Ohne dass es noch darauf ankomme, sei jedoch darauf hinzuweisen, dass das Gutachten des Sachverständigen Meier nicht verwertbar sei. Beispielhaft wird darauf verwiesen, dass in der Anlage zu dem Gutachten insgesamt 16 Stellungnahmen von anderen Sachverständigen aufgeführt seien. Keine einzige habe dem Gutachten beigelegen.

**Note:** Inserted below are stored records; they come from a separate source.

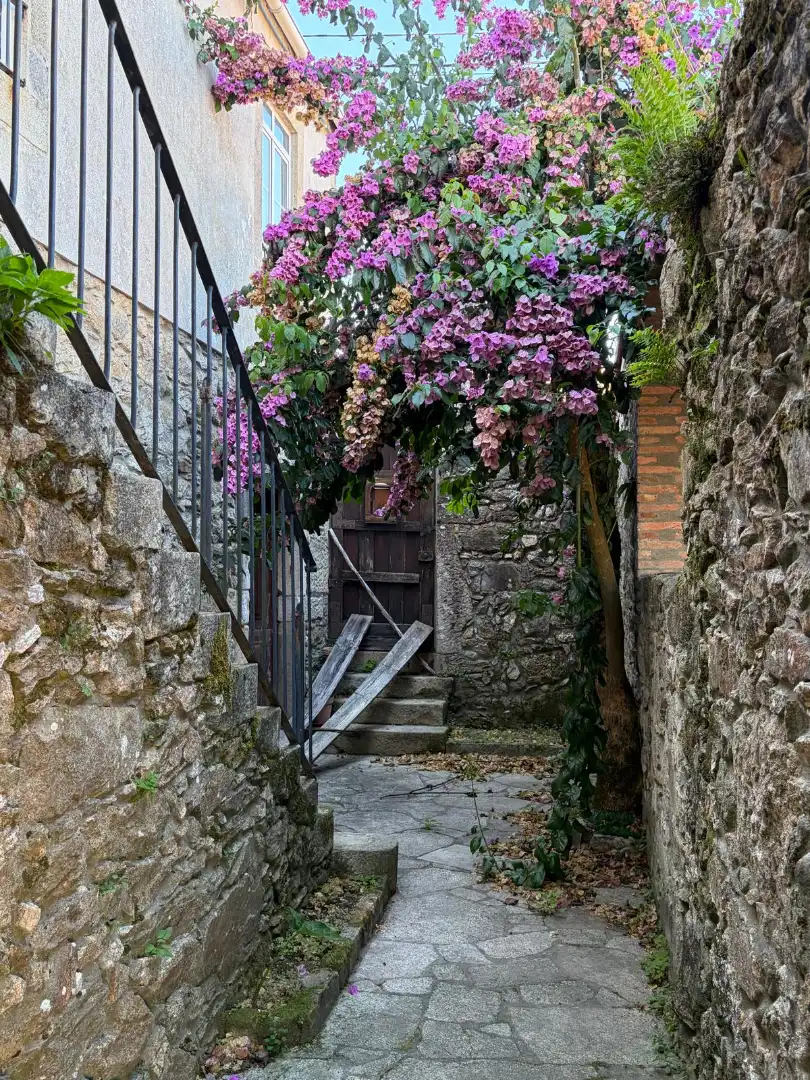 Villa con giardino in vendita a O Rosal, imagen 23
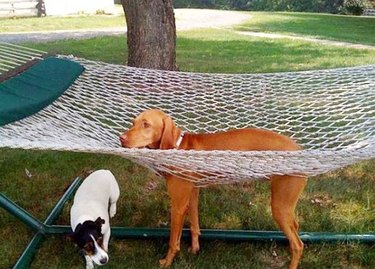 Dog stuck in hammock, with their legs going through it.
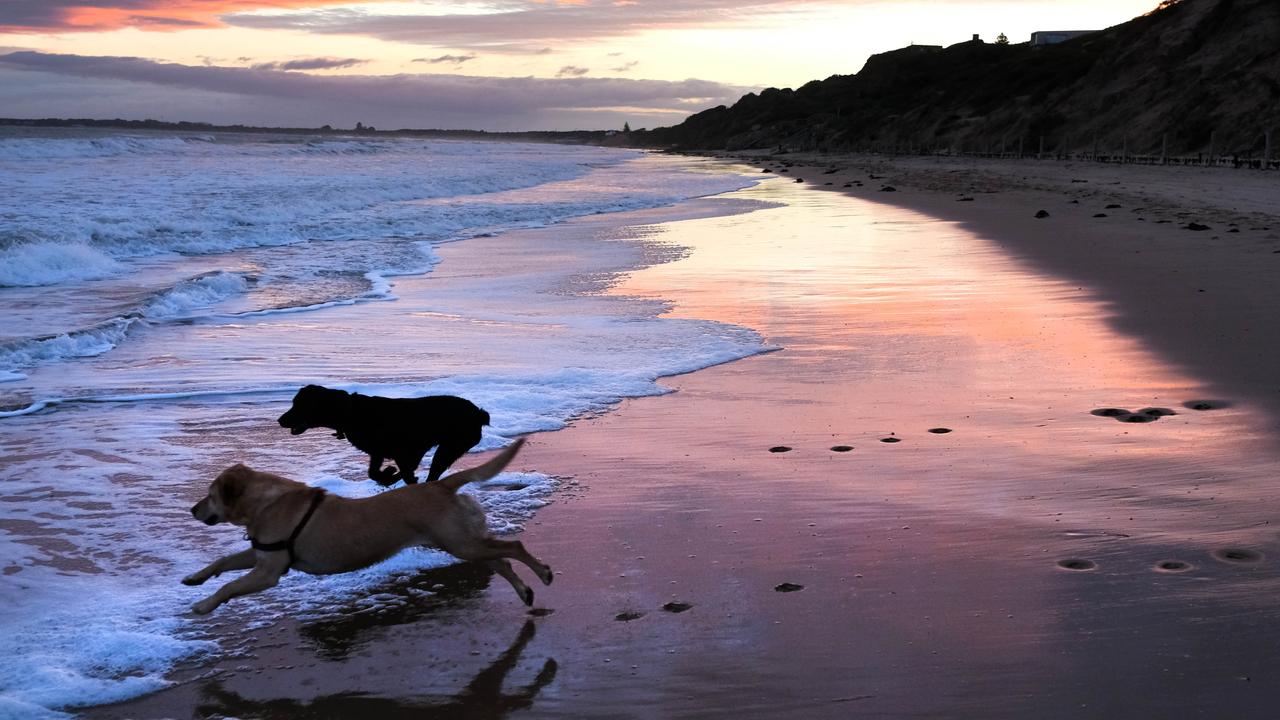 Geelong dog off-leash areas: Ocean Grove main beach could be off limits |  Geelong Advertiser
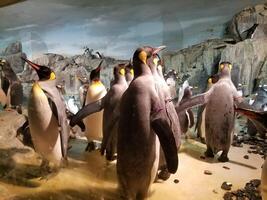 orde di pinguini stanno giocando all'interno di una gabbia di vetro trasparente foto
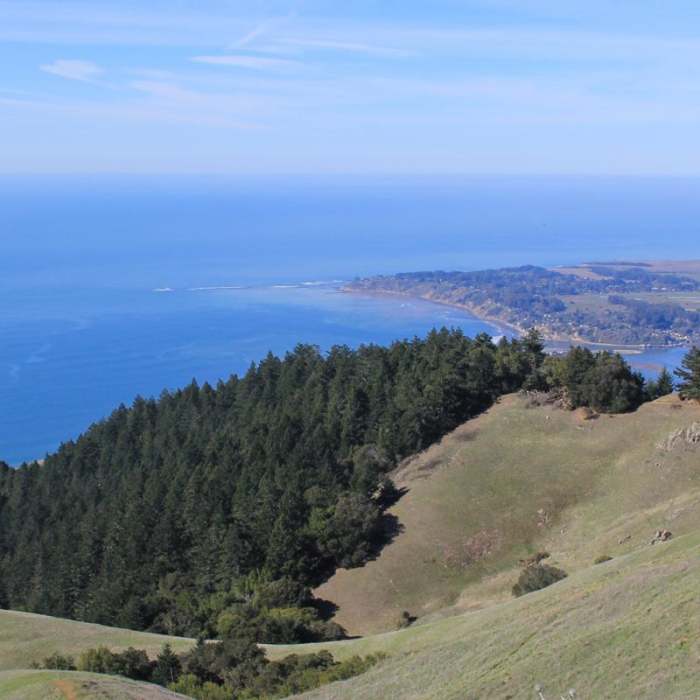 Near Coastal Trail, Pantoll to West Ridgecrest Boulevard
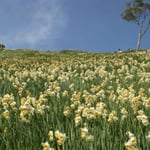 南あわじ市の灘黒岩水仙郷です。500万本の野水仙が咲き競っていました。  ・野水仙群れ咲く果ての空の青（和良）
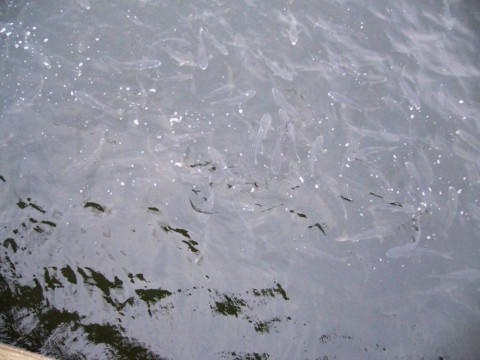 z7btjr44dni6v8afzhir_480_480-7c017e12.jpg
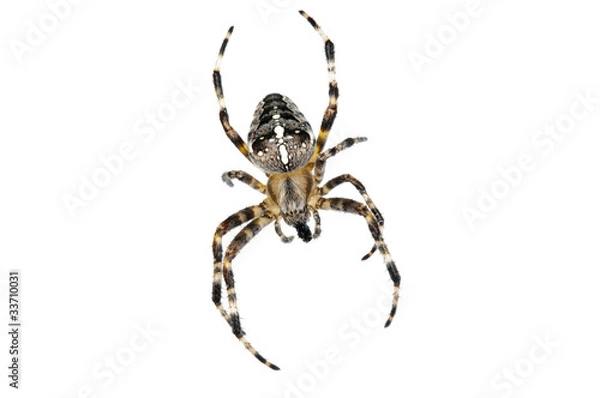 Obraz Pająk krzyżowy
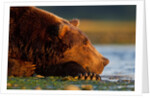 Brown Bear, Katmai National Park, Alaska by Anonymous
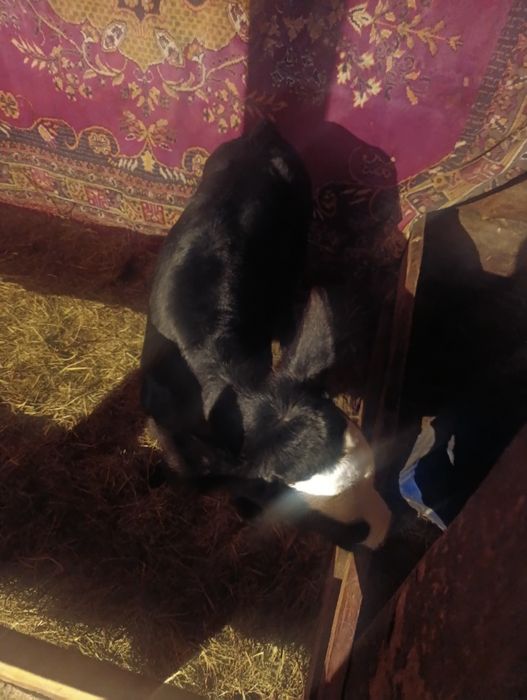 Продам телочку десяти дневную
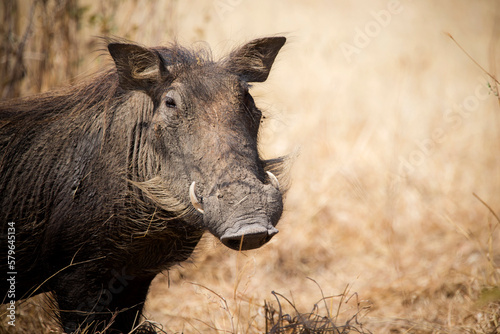 Warthog standing on field at Ruaha National Park during sunny day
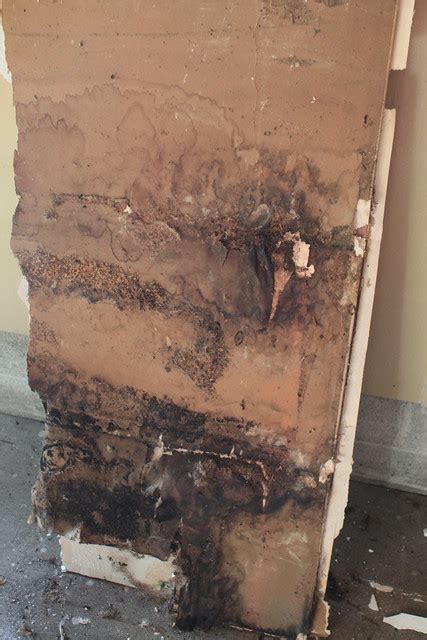 Moldy Drywall | Flickr - Photo Sharing!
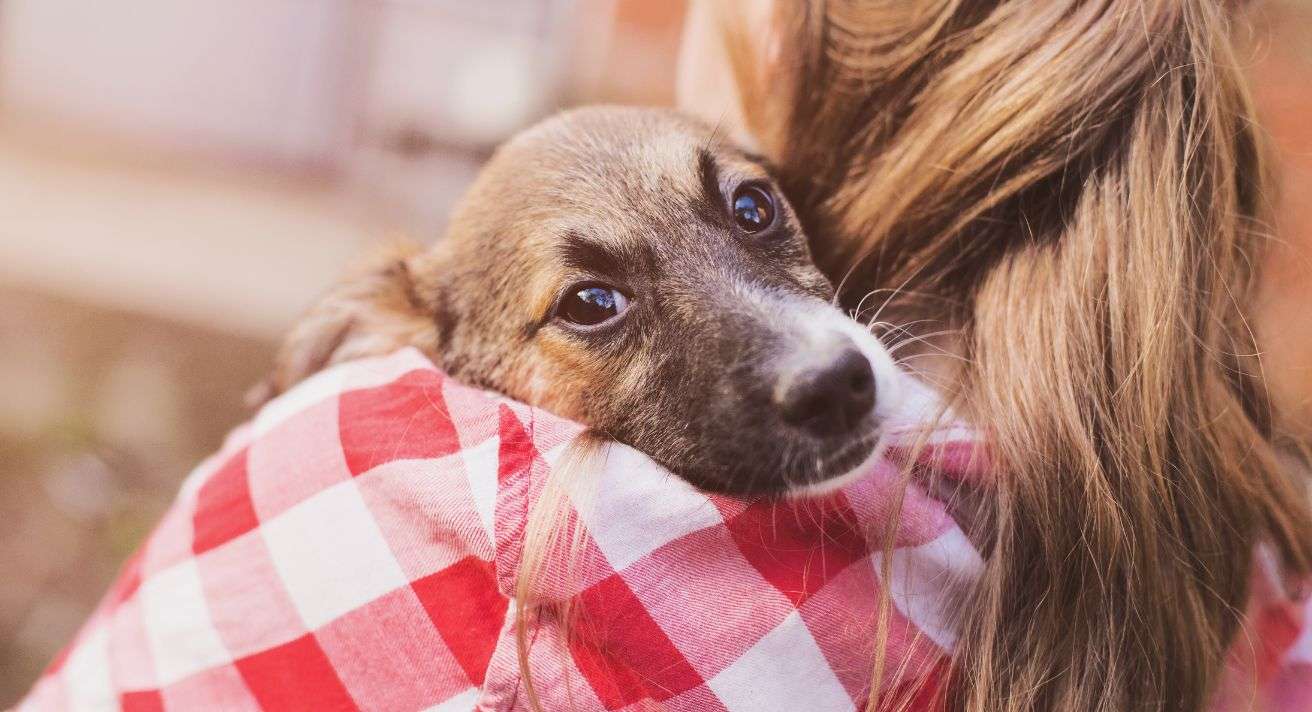 Should I Foster a Dog?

Auch die Ausführungen zur Problematik der Gefahrerhöhung überzeugten nicht. Vorliegend könne es sich nur um eine sogenannte objektive Gefahrerhöhung gemäß § 23 Absatz 2 VVG mit der Rechtsfolge des § 26 Absatz 2 VVG handeln.
Bei der Auseinandersetzung des Landgerichts mit der Frage der Gefahrerhöhung sei schon nicht erkennbar, ob das Gericht bereits in objektiver Hinsicht eine Gefahrerhöhung verneine oder "nur" in subjektiver Hinsicht.
Die Beklagte beantragt:
1. Unter Abänderung des Grundurteils vom 15.11.2013 (3 O 288/11) wird die Klage abgewiesen.
2. Hilfsweise unter Aufhebung des Urteils und des Verfahrens die Sache an das Gericht des ersten Rechtszugs zurückzuverweisen (§ 543 Absatz 2 Ziffer 1, 4 ZPO).
3. Äußerst hilfweise die Revision zuzulassen (§ 543 Absatz 2 Ziffer 1-2 ZPO).
Der Kläger beantragt,
die Berufung zurückzuweisen.
Er verteidigt das angegriffene Urteil.
II.
Auf die zulässige Berufung der Beklagten war das angegriffene Grundurteil abzuändern und die Klage abzuweisen.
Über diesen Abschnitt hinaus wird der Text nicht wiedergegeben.